§ TASK GOAL
Go to the line that contains "Tissu popeline de", then write out that line and all that follow to the end of the listing, exactly and without pictures.

-------- DATASET CONTENT --------

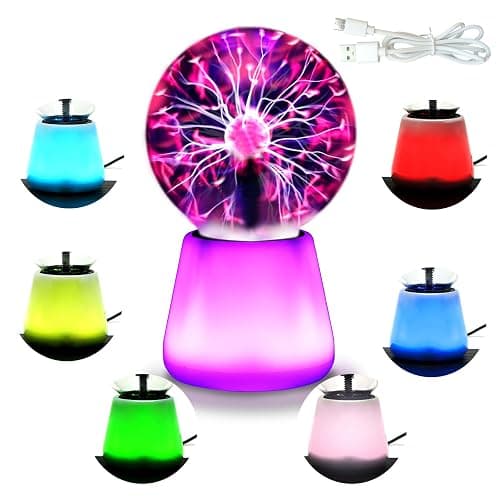 Boruibyr Plasma Ball Lamp Interactive Touch Lightning Globe 3 Inch Fun Lamp USB Powered 7 Color Changing Lights Mood Lighting Party Prop Gifts Space Decor Desk Decor. - Image 1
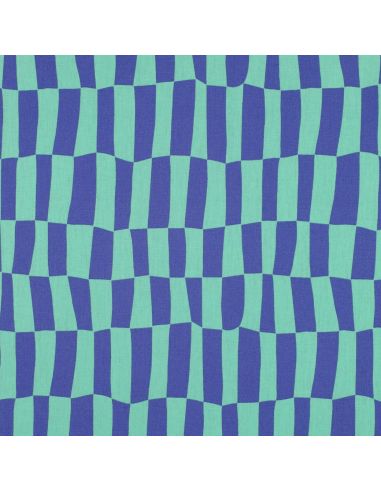 Tissu popeline de coton Jennifer Bouron - Carreaux bleu et menthe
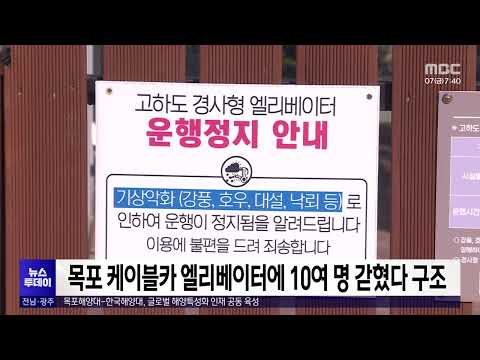 목포 <strong>케이블카</strong> 엘리베이터에 10여 명 갇혔다 구조[목포MBC 뉴스투데이]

--------

§ ANSWER TO THE EXERCISE
 Tissu popeline de coton Jennifer Bouron - Carreaux bleu et menthe
 목포 <strong>케이블카</strong> 엘리베이터에 10여 명 갇혔다 구조[목포MBC 뉴스투데이]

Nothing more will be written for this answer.